By contrast, semantic similarity based on labels is also used for learning hash codes in some supervised hashing methods. We assume that \(\{ {\textbf {S}} = {S_{ij}}|{S_{ij}} \in {\{ - 1,1\}^{n \times n}}\} \) is a fully observed semantic similarity matrix with no missing entries, where Sij = 1 indicates that the ith and jth samples are semantically similar (i.e., they share the same label), and Sij = − 1 means that the ith and jth samples are semantically dissimilar (i.e., they have different labels). The hash codes in the Hamming space should preserve the similarity between the samples in the original space. Therefore, we can formulate this as the following minimization problem:

$$ \underset{{\textbf{H}}}{\min}\left \|{\textbf{H}}^{T}{\textbf{H}}-L\cdot {\textbf{S}}\right \|^{2}\quad\quad {\textup{s.t.}}\quad {\textbf{H}}\in \left \{ -1,1 \right \}^{L\times n}, $$
(1)

where L is the length of the hash codes and \(\left \| \cdot \right \|\) is the 2 norm.

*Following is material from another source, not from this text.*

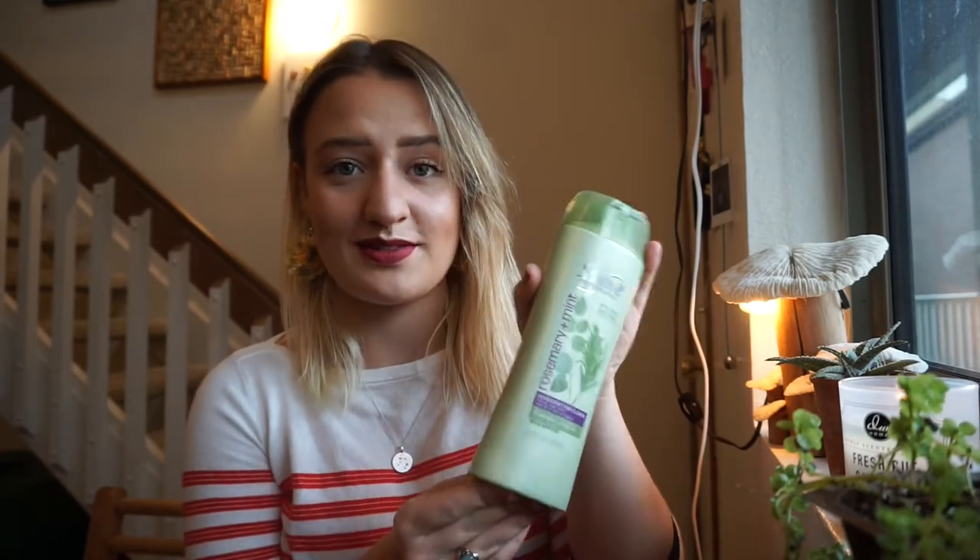The next thing is this Suave rosemary and mint shampoo. They also have the conditioner, but I only bought the shampoo and it smells so good — like it smells like an Aveda product. I think it's literally like two dollars at Target. It's so cheap, it smells so expensive, and it makes my hair feel so good. I would definitely recommend buying this one.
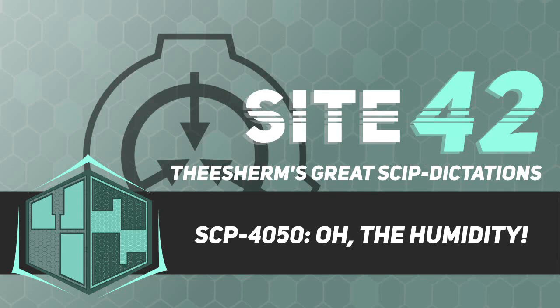Item Number SCP-4050. Object Class: Euclid. Special Containment Procedures.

In general, Sij is an element of the similarity matrix and is usually 0 or 1 in traditional methods, based on the similarity or dissimilarity of the labels for samples xi and xj, respectively. However, in the proposed method, we adopt {− 1,1} rather than {0,1} for Sij during hash learning. The reason as follows.

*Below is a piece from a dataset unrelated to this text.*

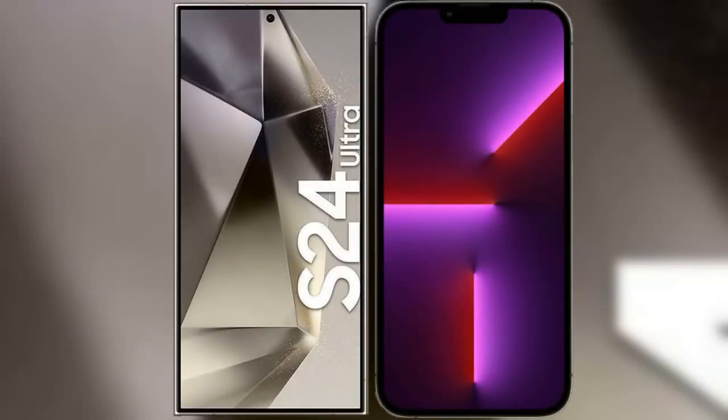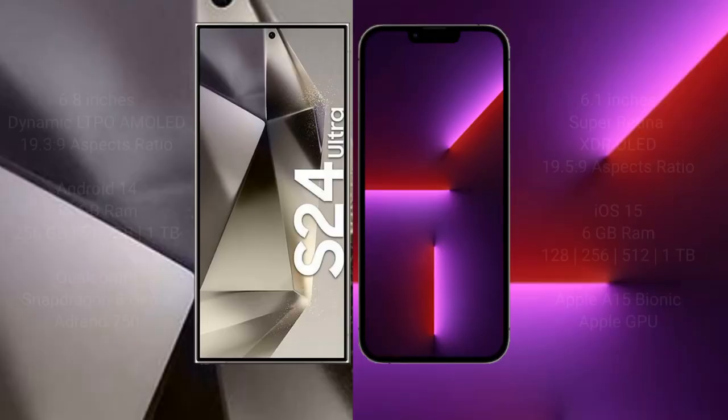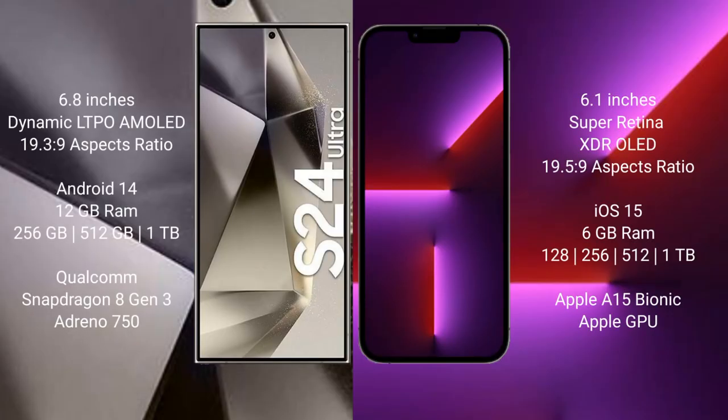I will compare the new Samsung Galaxy S24 Ultra with the iPhone 13 Pro. The Samsung Galaxy S24 Ultra comes with a 6.8-inch Dynamic LTPO AMOLED display and an aspect ratio of 19.3:9. The iPhone 13 Pro comes with a 6.1-inch Super Retina XDR OLED display and an aspect ratio of 19.5:9.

We are given two samples xi and xj, with hash codes hi and hj, respectively. The equation for learning hash codes can be formulated as follows:

$$ \underset{{\textbf{h}}_{i},{\textbf{h}}_{j}}{\min}\left \|{\textbf{h}}_{i}^{T}{\textbf{h}}_{j}-L\cdot S_{i,j}\right \|^{2} \quad\quad {\textup{s.t.}}\quad {\textbf{h}}_{i}, {\textbf{h}}_{j}\in \left \{ -1,1 \right \}^{L\times 1}. $$
(2)

If xi and xj are dissimilar, and Si,j = 0, the optimal solution for hi and hj is that \(\left [\frac {L}{2} \right ]\) bits of the hash codes are identical (i.e., \(L-\left [\frac {L}{2} \right ]\) bits of the hash codes are different). Thus, the Hamming distance for hi and hj is \(L-\left [\frac {L}{2} \right ]\), which seems to be a waste of hash length. Even worse, if the optimal solution for hi and hj is difficult to obtain, there are two equivalent suboptimal solutions. Specifically, it is equivalent for problem \(\left \|{\textbf {h}}_{i}^{T}{\textbf {h}}_{j}-L\cdot {\textbf {S}}_{i,j}\right \|^{2}\) if hi has \(\left [\frac {L}{2} \right ]+k\) or \(\left [\frac {L}{2} \right ]-k\) (k as an integer in \((0,L-\left [\frac {L}{2} \right ])\)) bits of hash codes which are the same as hj. The two equivalent suboptimal solutions destabilize the process for generating hash codes.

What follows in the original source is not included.